O grupo possui os seguintes eixos de estudo e atuação:
A Teoria da Dependência na Era Digital
O presente eixo de pesquisa consiste em uma revisão crítica e aprofundada das principais teses clássicas provenientes da tradição teórica do pensamento dependente latino-americano, com destaque para as contribuições intelectuais de autores como Ruy Mauro Marini, Theotonio dos Santos e Fernando Henrique Cardoso. Essas formulações, historicamente voltadas para a compreensão das relações desiguais entre centros e periferias no sistema capitalista mundial, são aqui revisitadas e reinterpretadas à luz dos novos padrões estruturais e dinâmicas contemporâneas de acumulação global, particularmente no que diz respeito aos fluxos transnacionais de tecnologia, inovação e propriedade intelectual. O objetivo central é investigar de que maneira os conceitos de dependência, subdesenvolvimento e transferência de mais-valor — outrora elaborados em contextos marcados por uma internacionalização produtiva centrada na indústria tradicional — podem ser reavaliados e eventualmente reformulados diante das transformações recentes no cenário da economia política global. Nesse sentido, busca-se examinar o papel crescente das tecnologias digitais, da inteligência artificial e da infraestrutura de dados como vetores de reprodução e intensificação das assimetrias entre países centrais e periféricos.

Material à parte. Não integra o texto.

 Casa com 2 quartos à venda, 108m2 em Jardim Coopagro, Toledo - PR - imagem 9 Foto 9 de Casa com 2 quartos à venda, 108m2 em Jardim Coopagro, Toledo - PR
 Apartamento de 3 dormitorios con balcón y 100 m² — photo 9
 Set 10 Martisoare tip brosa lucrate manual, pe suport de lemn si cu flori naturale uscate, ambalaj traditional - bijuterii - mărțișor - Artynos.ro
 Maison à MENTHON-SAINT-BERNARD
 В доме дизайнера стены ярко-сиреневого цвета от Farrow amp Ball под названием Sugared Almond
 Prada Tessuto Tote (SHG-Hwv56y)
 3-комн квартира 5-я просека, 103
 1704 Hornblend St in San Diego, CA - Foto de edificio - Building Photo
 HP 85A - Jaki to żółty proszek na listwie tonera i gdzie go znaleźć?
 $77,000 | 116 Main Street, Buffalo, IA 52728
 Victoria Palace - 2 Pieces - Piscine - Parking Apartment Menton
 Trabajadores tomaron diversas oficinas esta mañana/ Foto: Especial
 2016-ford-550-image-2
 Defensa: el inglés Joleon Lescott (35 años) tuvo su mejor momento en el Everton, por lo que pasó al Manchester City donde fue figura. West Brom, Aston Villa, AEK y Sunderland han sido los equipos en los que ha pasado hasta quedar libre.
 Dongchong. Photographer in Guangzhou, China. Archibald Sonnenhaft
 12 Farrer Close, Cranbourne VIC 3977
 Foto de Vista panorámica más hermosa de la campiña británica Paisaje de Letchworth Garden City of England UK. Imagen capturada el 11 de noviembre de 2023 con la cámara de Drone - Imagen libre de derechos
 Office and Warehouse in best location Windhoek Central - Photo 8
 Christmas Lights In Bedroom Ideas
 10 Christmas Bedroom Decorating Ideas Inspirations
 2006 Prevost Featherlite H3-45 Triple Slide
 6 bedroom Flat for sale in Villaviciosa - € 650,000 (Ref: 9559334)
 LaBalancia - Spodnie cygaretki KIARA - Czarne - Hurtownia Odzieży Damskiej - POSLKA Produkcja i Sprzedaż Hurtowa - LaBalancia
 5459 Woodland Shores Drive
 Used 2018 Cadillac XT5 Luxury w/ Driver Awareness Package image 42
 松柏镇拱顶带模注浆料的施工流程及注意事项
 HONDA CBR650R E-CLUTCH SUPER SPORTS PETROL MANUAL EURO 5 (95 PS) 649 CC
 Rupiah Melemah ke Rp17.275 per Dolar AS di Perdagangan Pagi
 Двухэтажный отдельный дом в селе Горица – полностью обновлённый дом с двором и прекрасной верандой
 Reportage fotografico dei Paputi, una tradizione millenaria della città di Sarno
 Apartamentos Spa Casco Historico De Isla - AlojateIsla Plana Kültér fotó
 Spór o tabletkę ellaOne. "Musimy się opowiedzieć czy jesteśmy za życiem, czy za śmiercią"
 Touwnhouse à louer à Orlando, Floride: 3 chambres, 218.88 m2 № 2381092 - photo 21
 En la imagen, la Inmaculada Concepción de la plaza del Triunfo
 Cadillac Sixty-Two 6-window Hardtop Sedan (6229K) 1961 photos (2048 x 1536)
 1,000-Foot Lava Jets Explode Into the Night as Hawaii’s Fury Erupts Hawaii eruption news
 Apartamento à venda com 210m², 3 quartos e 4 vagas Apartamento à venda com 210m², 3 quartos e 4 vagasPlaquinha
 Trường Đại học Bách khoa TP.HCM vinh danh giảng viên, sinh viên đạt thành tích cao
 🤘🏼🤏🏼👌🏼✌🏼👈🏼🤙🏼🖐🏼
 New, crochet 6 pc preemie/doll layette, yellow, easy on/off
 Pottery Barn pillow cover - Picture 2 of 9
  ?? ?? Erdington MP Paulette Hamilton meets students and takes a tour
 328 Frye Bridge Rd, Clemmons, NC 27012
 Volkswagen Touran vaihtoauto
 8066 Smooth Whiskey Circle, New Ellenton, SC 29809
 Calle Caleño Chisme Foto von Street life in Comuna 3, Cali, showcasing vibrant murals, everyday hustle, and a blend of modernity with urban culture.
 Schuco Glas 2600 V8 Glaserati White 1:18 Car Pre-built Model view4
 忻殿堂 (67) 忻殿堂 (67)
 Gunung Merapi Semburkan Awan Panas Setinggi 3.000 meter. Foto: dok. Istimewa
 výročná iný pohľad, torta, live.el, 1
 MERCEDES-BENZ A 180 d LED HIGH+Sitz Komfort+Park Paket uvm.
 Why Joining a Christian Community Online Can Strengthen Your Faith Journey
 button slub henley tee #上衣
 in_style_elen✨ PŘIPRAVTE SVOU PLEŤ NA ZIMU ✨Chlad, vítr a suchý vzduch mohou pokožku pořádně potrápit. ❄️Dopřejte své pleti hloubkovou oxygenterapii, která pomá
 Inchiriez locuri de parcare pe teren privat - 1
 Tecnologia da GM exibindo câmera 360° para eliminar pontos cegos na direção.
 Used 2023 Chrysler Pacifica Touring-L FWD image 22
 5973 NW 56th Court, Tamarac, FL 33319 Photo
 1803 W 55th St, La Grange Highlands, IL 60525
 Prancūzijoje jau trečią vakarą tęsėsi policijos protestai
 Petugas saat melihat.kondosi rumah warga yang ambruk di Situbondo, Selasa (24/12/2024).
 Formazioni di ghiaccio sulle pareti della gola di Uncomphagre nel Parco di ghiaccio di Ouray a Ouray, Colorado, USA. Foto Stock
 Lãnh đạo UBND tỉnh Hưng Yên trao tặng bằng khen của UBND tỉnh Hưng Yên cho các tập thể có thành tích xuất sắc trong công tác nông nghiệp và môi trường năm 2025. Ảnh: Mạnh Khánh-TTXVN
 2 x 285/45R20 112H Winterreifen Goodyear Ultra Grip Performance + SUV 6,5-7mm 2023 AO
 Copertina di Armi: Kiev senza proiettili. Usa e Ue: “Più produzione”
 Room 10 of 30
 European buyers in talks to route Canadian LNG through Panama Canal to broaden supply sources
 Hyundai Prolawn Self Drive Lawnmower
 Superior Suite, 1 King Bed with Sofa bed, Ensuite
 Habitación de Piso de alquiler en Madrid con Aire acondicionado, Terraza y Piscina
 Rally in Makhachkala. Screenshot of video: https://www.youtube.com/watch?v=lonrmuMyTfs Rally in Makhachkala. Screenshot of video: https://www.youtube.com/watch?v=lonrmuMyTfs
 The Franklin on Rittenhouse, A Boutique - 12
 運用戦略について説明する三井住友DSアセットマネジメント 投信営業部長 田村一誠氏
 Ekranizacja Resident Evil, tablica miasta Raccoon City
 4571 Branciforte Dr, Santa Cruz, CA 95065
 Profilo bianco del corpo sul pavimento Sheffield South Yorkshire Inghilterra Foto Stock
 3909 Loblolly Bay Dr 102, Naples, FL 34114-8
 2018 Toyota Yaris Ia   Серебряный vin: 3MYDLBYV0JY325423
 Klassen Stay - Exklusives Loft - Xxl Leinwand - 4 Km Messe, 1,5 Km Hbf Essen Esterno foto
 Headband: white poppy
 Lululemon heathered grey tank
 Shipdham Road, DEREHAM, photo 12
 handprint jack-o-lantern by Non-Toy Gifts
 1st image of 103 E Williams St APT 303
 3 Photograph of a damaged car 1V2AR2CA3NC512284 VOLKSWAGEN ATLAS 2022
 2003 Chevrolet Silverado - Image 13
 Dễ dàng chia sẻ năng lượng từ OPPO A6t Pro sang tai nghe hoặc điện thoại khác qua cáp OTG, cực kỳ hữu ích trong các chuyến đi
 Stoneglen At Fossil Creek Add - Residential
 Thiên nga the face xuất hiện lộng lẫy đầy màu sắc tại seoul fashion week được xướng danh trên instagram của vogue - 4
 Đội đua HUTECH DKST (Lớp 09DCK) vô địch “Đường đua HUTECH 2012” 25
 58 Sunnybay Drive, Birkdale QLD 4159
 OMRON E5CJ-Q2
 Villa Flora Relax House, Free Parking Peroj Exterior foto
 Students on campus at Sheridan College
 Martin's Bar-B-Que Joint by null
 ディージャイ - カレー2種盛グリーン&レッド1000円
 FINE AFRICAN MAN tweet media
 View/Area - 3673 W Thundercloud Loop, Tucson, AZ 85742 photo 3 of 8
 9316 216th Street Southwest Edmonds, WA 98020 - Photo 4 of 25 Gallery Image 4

Parte-se da hipótese de que a chamada divisão internacional do trabalho tecnológico configura um novo arranjo estrutural de dominação, no qual os países do Sul Global encontram-se frequentemente relegados a posições subordinadas na cadeia global de valor tecnológico. Isso se manifesta tanto na forma de extração predatória de dados — muitas vezes coletados de populações desses países sem contrapartida significativa em termos de desenvolvimento local ou soberania tecnológica — quanto na comoditização da mão de obra técnica e qualificada oriunda dessas regiões, cujo conhecimento e criatividade são absorvidos por corporações multinacionais sediadas nos centros hegemônicos, sem que haja redistribuição equitativa dos ganhos econômicos ou avanços em direção ao desenvolvimento autônomo.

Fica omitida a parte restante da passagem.